ラッセルの置き換え理論と二つのパラドクス

伊藤 遼(京都大学)

 ラッセル(Bertrand Russell)は、論理主義の実現を目指したその歩みの中で、「置き換え理論 substitutional theory」と呼ばれる論理体系を考案した。数学の哲学におけるラッセルの歩みは、論理主義の立場が示された『数学の諸原理』(The Principles of Mathematics)に始まり、数年間の試行錯誤を経て、ホワイトヘッドとの共著『プリンキピア・マテマティカ』(Principia Mathematica)において、一つの完成を見る。置き換え理論とは、その試行錯誤の数年間に展開されていた論理体系に他ならない。
 よく知られているように、『プリンキピア』では「分岐タイプ理論」と呼ばれる論理体系が採用された。それは、プリミティブな存在者として与えられた命題関数に対して、タイプとオーダーという二つの制約を与えることで、諸々のパラドクスを避けるものだった。しかし、二つの制約は数学を展開するには厳しすぎるものであり、それゆえ、分岐タイプ理論は、いわゆる「無限公理」と「還元公理」という二つの想定を必要とする。そして、こうした二つの「論理的」とは思われない想定を必要とすることから、分岐タイプ理論は論理主義プログラムを実現するものとは見なされなかった。
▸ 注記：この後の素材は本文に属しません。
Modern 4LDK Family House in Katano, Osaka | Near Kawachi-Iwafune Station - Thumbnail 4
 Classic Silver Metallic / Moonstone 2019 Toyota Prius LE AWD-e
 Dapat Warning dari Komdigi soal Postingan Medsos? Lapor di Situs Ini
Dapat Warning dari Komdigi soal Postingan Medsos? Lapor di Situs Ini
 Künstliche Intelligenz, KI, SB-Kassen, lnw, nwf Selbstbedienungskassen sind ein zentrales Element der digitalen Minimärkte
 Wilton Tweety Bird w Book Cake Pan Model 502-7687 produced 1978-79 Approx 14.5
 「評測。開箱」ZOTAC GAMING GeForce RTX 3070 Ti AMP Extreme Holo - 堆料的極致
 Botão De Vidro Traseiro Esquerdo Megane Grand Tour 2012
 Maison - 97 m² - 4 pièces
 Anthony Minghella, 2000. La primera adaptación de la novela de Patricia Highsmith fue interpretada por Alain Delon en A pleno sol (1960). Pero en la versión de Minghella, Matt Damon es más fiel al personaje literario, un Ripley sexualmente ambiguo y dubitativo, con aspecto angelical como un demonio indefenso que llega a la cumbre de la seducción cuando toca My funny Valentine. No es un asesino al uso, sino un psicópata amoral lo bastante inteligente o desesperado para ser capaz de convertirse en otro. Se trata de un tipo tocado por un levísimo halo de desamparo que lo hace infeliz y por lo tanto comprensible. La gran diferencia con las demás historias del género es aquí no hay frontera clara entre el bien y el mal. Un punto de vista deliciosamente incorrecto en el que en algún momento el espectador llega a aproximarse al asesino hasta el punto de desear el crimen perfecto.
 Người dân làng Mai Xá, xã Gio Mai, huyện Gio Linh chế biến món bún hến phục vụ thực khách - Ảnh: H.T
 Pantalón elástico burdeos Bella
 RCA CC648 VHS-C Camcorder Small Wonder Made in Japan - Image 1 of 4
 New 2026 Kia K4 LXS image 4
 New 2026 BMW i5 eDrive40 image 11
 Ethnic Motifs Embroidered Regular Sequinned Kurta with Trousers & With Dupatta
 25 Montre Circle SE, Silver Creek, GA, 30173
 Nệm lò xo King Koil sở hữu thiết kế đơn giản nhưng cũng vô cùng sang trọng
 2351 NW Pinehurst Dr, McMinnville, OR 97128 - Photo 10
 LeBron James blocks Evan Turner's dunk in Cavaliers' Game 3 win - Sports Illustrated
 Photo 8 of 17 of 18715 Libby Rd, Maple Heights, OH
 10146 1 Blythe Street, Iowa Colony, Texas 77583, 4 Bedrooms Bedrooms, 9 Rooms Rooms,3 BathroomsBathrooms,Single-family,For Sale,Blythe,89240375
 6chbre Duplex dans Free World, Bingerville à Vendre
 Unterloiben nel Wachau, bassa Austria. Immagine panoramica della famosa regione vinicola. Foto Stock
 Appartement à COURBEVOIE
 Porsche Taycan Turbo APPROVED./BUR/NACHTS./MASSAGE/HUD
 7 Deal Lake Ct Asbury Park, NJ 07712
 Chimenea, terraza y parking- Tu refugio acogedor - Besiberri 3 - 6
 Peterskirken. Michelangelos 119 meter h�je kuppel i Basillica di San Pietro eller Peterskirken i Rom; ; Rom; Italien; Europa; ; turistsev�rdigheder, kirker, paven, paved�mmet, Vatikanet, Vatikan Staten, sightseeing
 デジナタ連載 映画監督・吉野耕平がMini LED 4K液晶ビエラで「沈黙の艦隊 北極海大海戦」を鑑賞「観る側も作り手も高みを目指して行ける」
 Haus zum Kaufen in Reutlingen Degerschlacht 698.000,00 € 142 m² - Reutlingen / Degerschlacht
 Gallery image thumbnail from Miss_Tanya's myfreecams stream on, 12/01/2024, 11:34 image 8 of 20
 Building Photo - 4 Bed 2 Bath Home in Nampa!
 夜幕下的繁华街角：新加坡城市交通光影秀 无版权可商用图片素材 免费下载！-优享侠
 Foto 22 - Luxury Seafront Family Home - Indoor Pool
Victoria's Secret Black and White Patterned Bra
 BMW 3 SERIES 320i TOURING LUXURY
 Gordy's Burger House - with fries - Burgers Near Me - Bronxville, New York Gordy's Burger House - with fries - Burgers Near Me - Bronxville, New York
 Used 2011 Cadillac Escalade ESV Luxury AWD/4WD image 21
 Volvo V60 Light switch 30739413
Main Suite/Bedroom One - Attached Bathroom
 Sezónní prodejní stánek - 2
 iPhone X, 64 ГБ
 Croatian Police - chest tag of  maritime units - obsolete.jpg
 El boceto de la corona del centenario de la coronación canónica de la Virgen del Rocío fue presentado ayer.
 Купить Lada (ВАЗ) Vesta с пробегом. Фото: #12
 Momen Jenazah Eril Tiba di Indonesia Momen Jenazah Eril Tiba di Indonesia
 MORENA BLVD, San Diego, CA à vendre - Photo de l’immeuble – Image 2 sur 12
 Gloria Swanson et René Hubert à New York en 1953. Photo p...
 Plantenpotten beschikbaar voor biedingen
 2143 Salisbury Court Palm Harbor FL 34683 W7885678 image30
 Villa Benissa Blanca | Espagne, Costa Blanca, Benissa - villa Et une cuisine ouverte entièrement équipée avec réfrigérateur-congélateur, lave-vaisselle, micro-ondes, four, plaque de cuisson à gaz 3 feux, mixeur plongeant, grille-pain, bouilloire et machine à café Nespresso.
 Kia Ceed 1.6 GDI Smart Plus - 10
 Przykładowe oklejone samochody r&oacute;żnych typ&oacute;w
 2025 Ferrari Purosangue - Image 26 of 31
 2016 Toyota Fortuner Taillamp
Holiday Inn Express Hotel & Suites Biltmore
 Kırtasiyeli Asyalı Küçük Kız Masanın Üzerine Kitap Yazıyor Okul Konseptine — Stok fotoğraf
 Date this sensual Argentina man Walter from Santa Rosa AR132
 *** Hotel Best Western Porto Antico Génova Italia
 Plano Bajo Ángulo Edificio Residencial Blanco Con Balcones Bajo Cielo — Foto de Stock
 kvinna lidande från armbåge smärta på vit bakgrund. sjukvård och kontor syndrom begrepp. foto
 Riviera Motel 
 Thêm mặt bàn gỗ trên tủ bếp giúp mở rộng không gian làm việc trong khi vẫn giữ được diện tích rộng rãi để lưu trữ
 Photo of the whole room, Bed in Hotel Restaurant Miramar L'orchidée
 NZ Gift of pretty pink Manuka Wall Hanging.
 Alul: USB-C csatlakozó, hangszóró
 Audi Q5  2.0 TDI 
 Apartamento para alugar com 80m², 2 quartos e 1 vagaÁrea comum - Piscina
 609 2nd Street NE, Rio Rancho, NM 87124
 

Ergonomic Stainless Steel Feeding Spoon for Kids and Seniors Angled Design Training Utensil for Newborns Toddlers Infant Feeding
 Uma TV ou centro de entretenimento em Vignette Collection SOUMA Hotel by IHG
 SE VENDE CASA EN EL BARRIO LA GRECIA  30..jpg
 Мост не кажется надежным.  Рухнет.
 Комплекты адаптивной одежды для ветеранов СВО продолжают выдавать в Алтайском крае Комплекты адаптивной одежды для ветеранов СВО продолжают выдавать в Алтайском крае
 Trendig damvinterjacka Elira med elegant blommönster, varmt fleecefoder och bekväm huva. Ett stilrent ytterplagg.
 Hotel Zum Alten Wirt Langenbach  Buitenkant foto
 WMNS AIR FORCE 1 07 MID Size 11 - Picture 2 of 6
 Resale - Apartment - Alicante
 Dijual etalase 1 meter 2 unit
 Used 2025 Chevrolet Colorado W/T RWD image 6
 置き換え理論は、分岐タイプ理論以前にラッセルが考えていた、オーダーの制約を持たないタイプ理論、いわゆる「単純タイプ理論」である。置き換え理論の基本的なアイデアは、命題とそれに現れる対象のペアによって、命題関数を再現することにある。この点で、置き換え理論は分岐タイプ理論と大きく異なる。さらに、近年の研究の成果により、置き換え理論は、分岐タイプ理論に必要な二つの想定を置くことなく、ペアノ算術を展開できるということが分かっている。しかし、こうしたアドバンテージにも関わらず、置き換え理論は放棄されてしまう。ラッセルが、それに固有のパラドクスを見つけたためである。また、『数学の諸原理』において論じられたある別のパラドクスも、置き換え理論には生じることが分かっている。本発表では、置き換え理論とそれに生じる二つのパラドクスを詳細にすることで、置き換え理論による論理主義プログラム実現の可能性を検討する。